This should give us a stable basis for our queries!

Actually, I'll go ahead and upload the CSV file into the Data Lake so we can join it to the other tables. That actually may be just as good as writing a UDF—you don't have to add a jar and create a function at the start of every query, at least.

In T206898#4737277, @Neil_P._Quinn_WMF wrote:

@Tbayer, I've created a CSV file with country names, ISO codes, Global North/South classification, and MaxMind continents, tracked in a new wikimedia-research/canonical-data repo. It contains all the countries which appear in projectview_hourly, and I've carefully checked it to make sure the Global North/South classifications match the ones at meta:List of countries by regional classification.
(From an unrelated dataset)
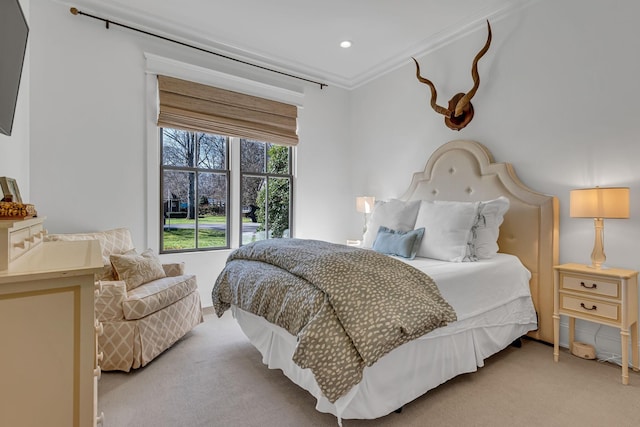 bedroom featuring ornamental molding, carpet, and recessed lighting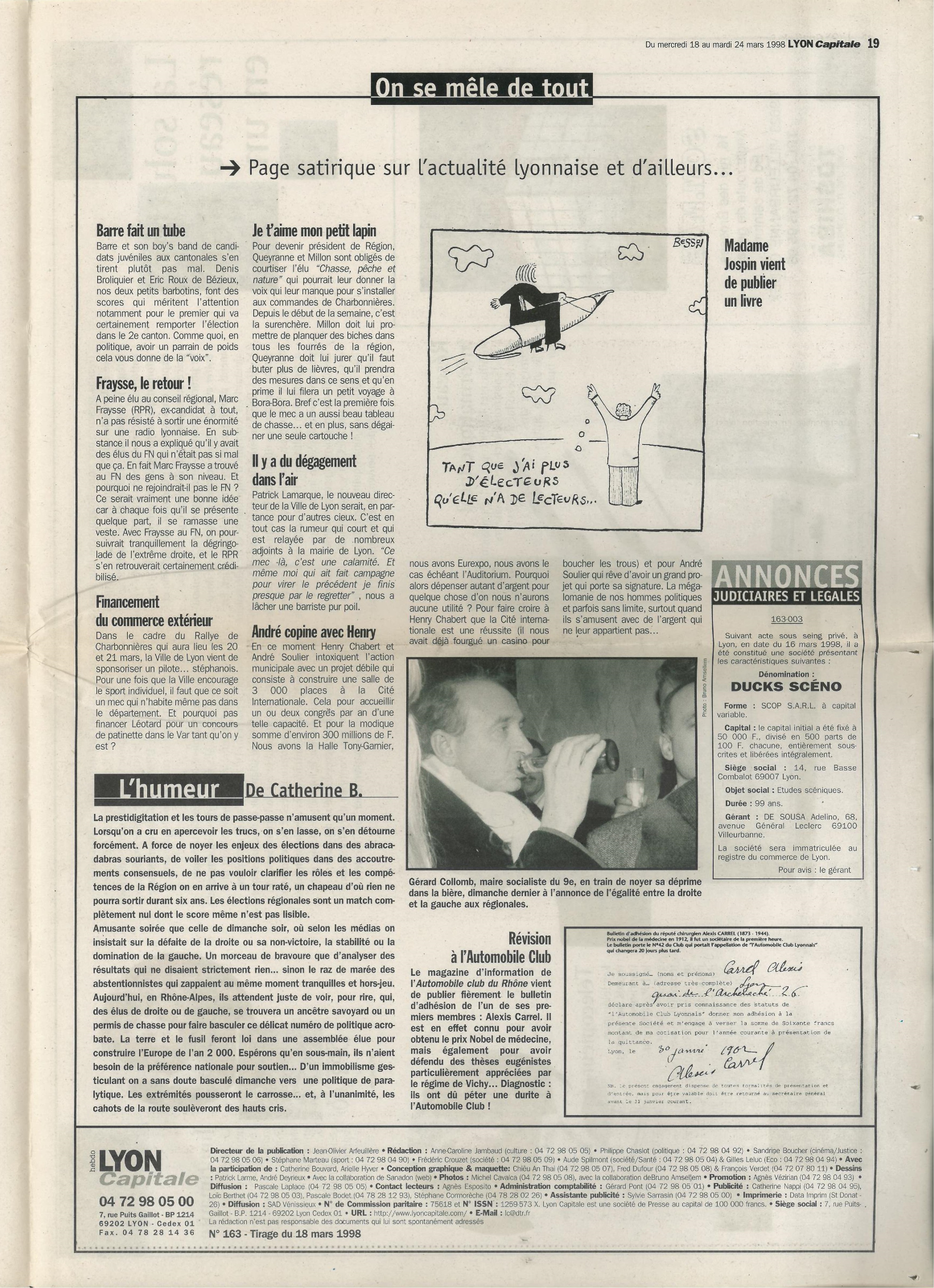 Lyon Capitale n°163, 18 mars 1998, p. 19 © Lyon Capitale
Cool, thanks for sorting this all out and vetting it!

In T206898#4737360, @Neil_P._Quinn_WMF wrote:

Actually, I'll go ahead and upload the CSV file into the Data Lake so we can join it to the other tables. That actually may be just as good as writing a UDF—you don't have to add a jar and create a function at the start of every query, at least.

What approach do you recommend for joining a CSV in Hive? If it involves creating a temporary Hive table, wouldn't it make sense to instead upload the CSV as a non-temporary table already? (similar to e.g. wmf.domain_abbrev_map or tbayer.country_name_vs_code)

What approach do you recommend for joining a CSV in Hive? If it involves creating a temporary Hive table, wouldn't it make sense to instead upload the CSV as a non-temporary table already? (similar to e.g. wmf.domain_abbrev_map or tbayer.country_name_vs_code)

Yeah, that's exactly what I was planning! It's now available as canonical_data.countries. My uploading code is in a notebook in the same repo. Currently, it's hard-coded for the countries dataset, but it won't be too hard to make it into general-purpose code that pushes all the latest datasets from the repo into the canonical-data database.

Now that the data is easily available in Hive, I think this is done!